Predict an observation provided by a user¶

In [51]:

#user_input = [2012, 124999.5,6, 'Diesel','BMW']
user_input = {'year_model':2012, 'mileage':124999.5, 'fiscal_power':6, 'fuel_type':'Diesel', 'mark':'BMW'}
year_mean = np.mean(df['year_model'])
year_std = np.std(df['year_model'])
mileage_mean = np.mean(df['mileage'])
mileage_std = np.std(df['mileage'])
fiscal_mean = np.mean(df['fiscal_power'])
fiscal_std = np.std(df['fiscal_power'])

In [55]:

def input_to_one_hot(data):
    #initialize the target vector with zero values
    enc_input = np.zeros(62)
    enc_input[0] = (data['year_model']-year_mean)/year_std
    enc_input[1] = (data['mileage']-mileage_mean)/mileage_std
    enc_input[2] = (data['fiscal_power']-fiscal_mean)/fiscal_std
    #convert the mark to match the column name
    mark_col = 'mark_'+data['mark']
    #find the index of mark_col 
    mark_ind = X.columns.tolist().index(mark_col)
    #set the corresponding entry to be 1
    enc_input[mark_ind] = 1
    #convert the fuel type to match the column name
    fuel_col = 'fuel_type_'+data['fuel_type']
    #find the index of fuel_col
    fuel_ind = X.columns.tolist().index(fuel_col)
    #set the corresponding entry to be 1
    enc_input[fuel_ind] = 1
    return enc_input

In [56]:

input_to_one_hot(user_input)

Out[56]:

array([ 0.71033426, -0.02799456, -0.65006306,  1.        ,  0.        ,
        0.        ,  0.        ,  0.        ,  0.        ,  0.        ,
        1.        ,  0.        ,  0.        ,  0.        ,  0.        ,
        0.        ,  0.        ,  0.        ,  0.        ,  0.        ,
        0.        ,  0.        ,  0.        ,  0.        ,  0.        ,
        0.        ,  0.        ,  0.        ,  0.        ,  0.        ,
        0.        ,  0.        ,  0.        ,  0.        ,  0.        ,
        0.        ,  0.        ,  0.        ,  0.        ,  0.        ,
        0.        ,  0.        ,  0.        ,  0.        ,  0.        ,
        0.        ,  0.        ,  0.        ,  0.        ,  0.        ,
        0.        ,  0.        ,  0.        ,  0.        ,  0.        ,
        0.        ,  0.        ,  0.        ,  0.        ,  0.        ,
        0.        ,  0.        ])

In [57]:

a = input_to_one_hot(user_input)

In [64]:

print('The price of the car is {}'.format(round(gbr.predict([a])[0],2)))

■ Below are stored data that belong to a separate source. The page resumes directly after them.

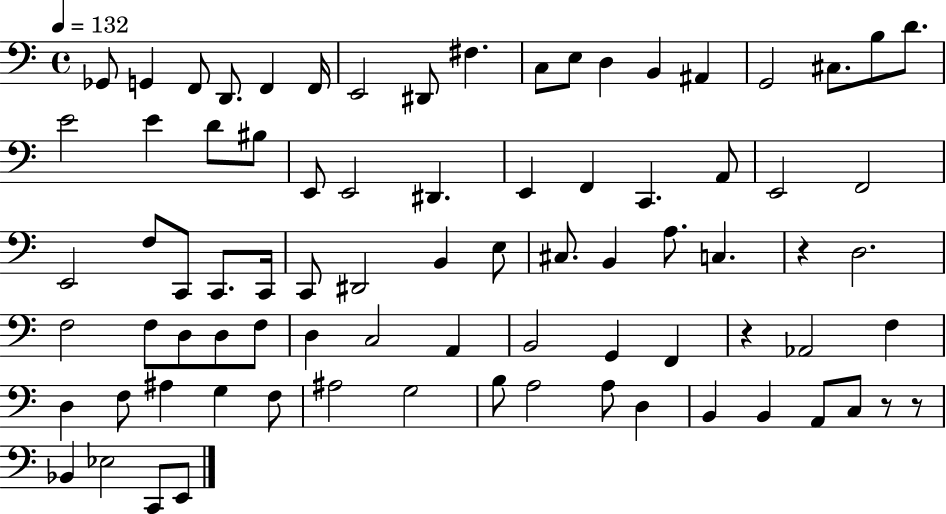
Gb2/e G2/q F2/e D2/e. F2/q F2/s E2/h D#2/e F#3/q. C3/e E3/e D3/q B2/q A#2/q G2/h C#3/e. B3/e D4/e. E4/h E4/q D4/e BIS3/e E2/e E2/h D#2/q. E2/q F2/q C2/q. A2/e E2/h F2/h E2/h F3/e C2/e C2/e. C2/s C2/e D#2/h B2/q E3/e C#3/e. B2/q A3/e. C3/q. R/q D3/h. F3/h F3/e D3/e D3/e F3/e D3/q C3/h A2/q B2/h G2/q F2/q R/q Ab2/h F3/q D3/q F3/e A#3/q G3/q F3/e A#3/h G3/h B3/e A3/h A3/e D3/q B2/q B2/q A2/e C3/e R/e R/e Bb2/q Eb3/h C2/e E2/e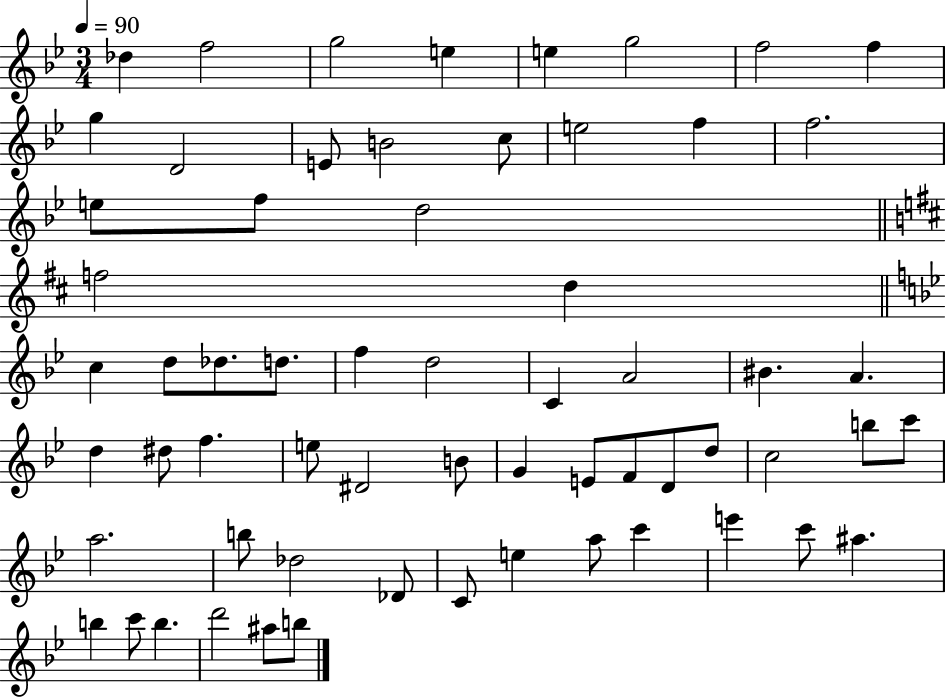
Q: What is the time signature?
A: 3/4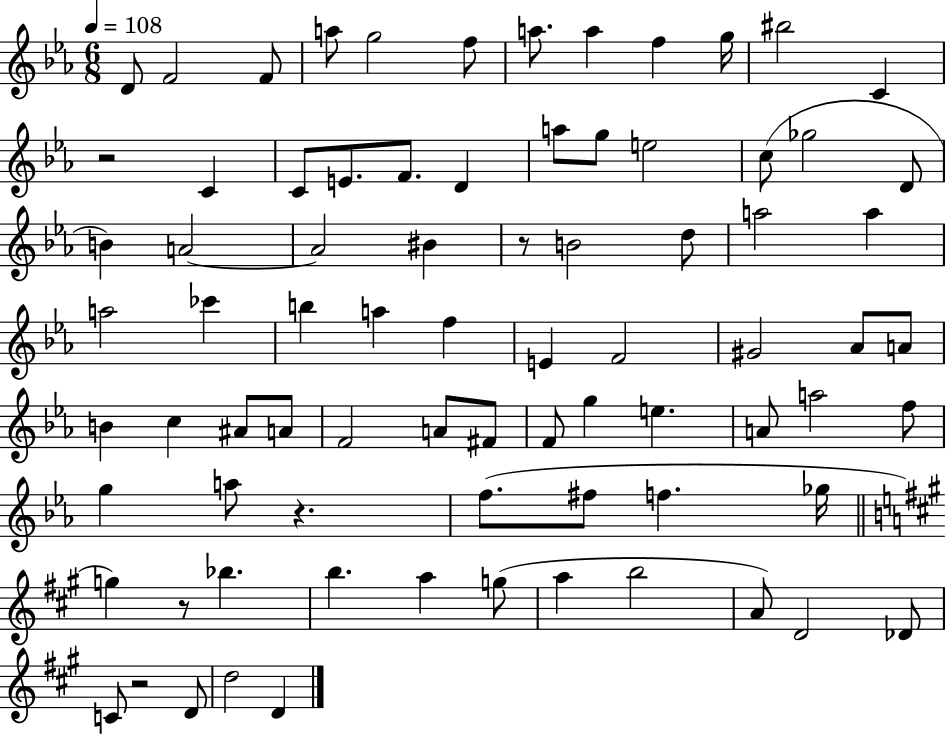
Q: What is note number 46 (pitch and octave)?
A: F4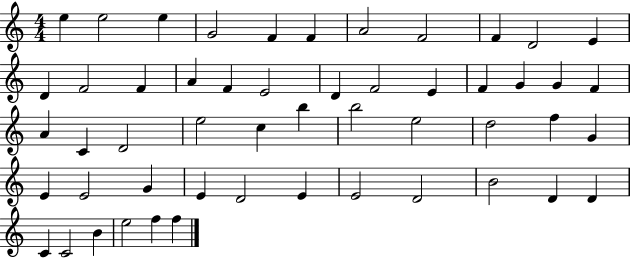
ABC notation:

X:1
T:Untitled
M:4/4
L:1/4
K:C
e e2 e G2 F F A2 F2 F D2 E D F2 F A F E2 D F2 E F G G F A C D2 e2 c b b2 e2 d2 f G E E2 G E D2 E E2 D2 B2 D D C C2 B e2 f f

The price of the car is 44334.74

Save the model¶

In [65]:

from sklearn.externals import joblib

joblib.dump(gbr,'model.pkl')

Out[65]:

['model.pkl']

Model deployment¶

We will deploy the model using the Heroku platform. One can check out the app in action in car-price-prediction. All the codes are available on Github.